If there is one thing Bernie Sanders never fails to reference in the Democratic primary, it’s Hillary Clinton’s vote in favour of the Iraq War. He brought it up after answering a question about gun control, he continually references the vote during Democratic debates and he’s made his opposition to the war a cornerstone of his foreign policy.

Last week he said, “I don’t think you are qualified if you have voted for the disastrous war in Iraq,” and last Sunday, he again questioned Clinton’s judgement based on her vote.

The response from some journalists and Clinton supporters has been to derisively question whether he has any other notes, with a tone of: when is he going to stop complaining about something that happened over a decade ago?

He shouldn’t stop. If anything, more politicians should be bringing up the Iraq War at every opportunity. The dismissive tone Clinton supporters have taken to the issue belies a callous indifference to the most disastrous foreign policy calamity in our lifetime — a decision that continues to directly affect US foreign policy across the entire Middle East. It is dangerously shortsighted and an insult to the millions of people who died as a result. If anything, we should be talking about the Iraq War more, not less.

Four thousand five hundred members of the US military died in Iraq, tens of thousands of Americans were injured or maimed, and at least a half million Iraqis died as a result of the decision to declare war (some estimates put it as high as one million), for starters. Should we stop talking about those unspeakably tragic deaths because most happened 10 years ago, or because the majority of them weren’t American?

Tracing Daesh’s roots

But beyond the direct destruction caused by Congress and the Bush administration committing more than a $1 trillion (Dh3.67 trillion) of blood and treasure, it is beyond debate that the current chaos Daesh (the self-proclaimed Islamic State of Iraq and the Levant) is sowing across the Middle East can be directly attributed to the Iraq invasion, something that even the most hard-core Iraq War architects, like former British Prime Minister Tony Blair, readily admit.

Daesh’s roots can be traced to the squalid US jails that sprouted up in Iraq in the early 2000s, and at least a portion of the terrorist group’s leadership consists of members of Saddam Hussain’s Ba’athist Party who were excommunicated from the Iraqi Army and civil society following the US invasion, widely considered to be one of the worst decisions by the US occupying forces.

What’s more, it’s clear elected officials seem to have barely learnt anything from the Iraq War despite all this.
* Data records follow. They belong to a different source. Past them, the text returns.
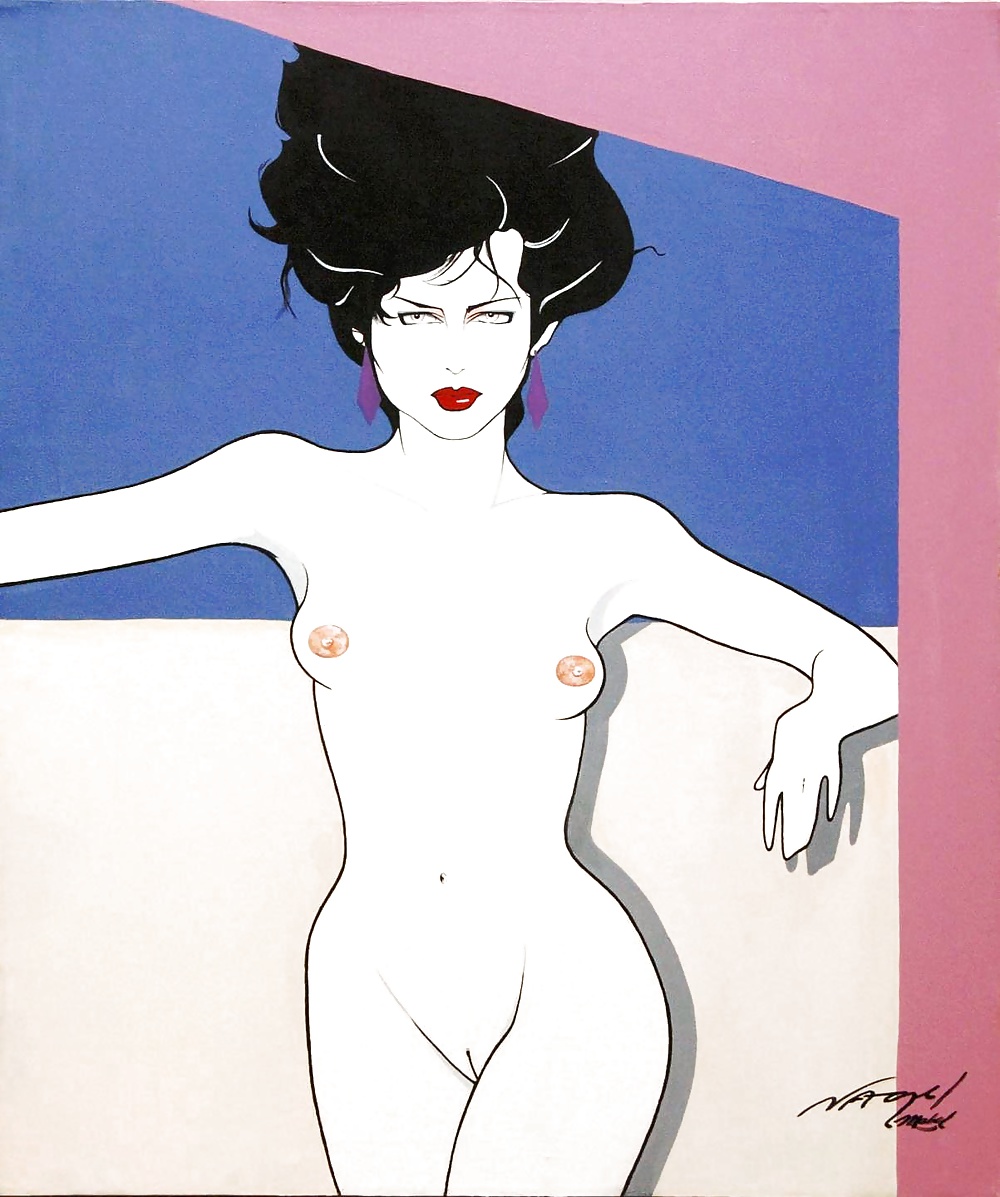 ドローイング (by patrick nagel)
 #32952405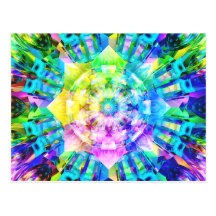 Fractal Kleuren Wenskaart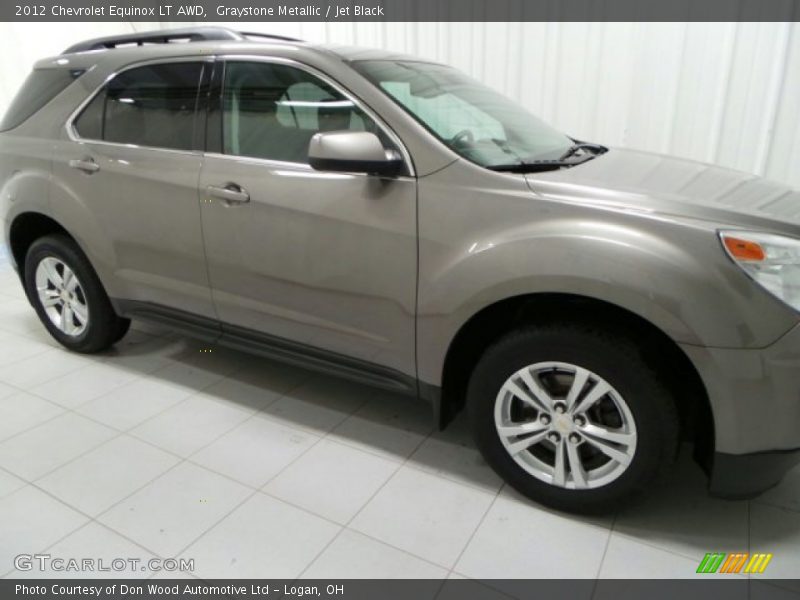 Graystone Metallic / Jet Black 2012 Chevrolet Equinox LT AWD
Much like Iraq, the Obama administration, spurred on by then Secretary of State Hillary Clinton, bombed Libya and helped depose Muammar Gaddafi, helping lead to the Daesh hotbed that the country is today. The answer to the complex problems in Syria by Clinton and the Republicans seems to be that we yet again need more military action to fix what our military action caused in the first place.

Furthermore, more US troops are now trickling back into Iraq. And the only lesson that Congress seems to have taken to heart is “don’t vote on military action at all, and instead let the president use ever-expanding executive power to bomb countries without a check on his or her power”.

Instead of questioning why Sanders constantly returns to the Iraq war, the real question should be: why don’t more politicians bring up the Iraq War? And why aren’t most of us retaining the lessons we should learn from our recent history?

Far from being obsolete, the Iraq War influences almost every facet of Middle East policy today.

— Guardian News & Media Ltd

Trevor Timm is executive director of the Freedom of the Press Foundation.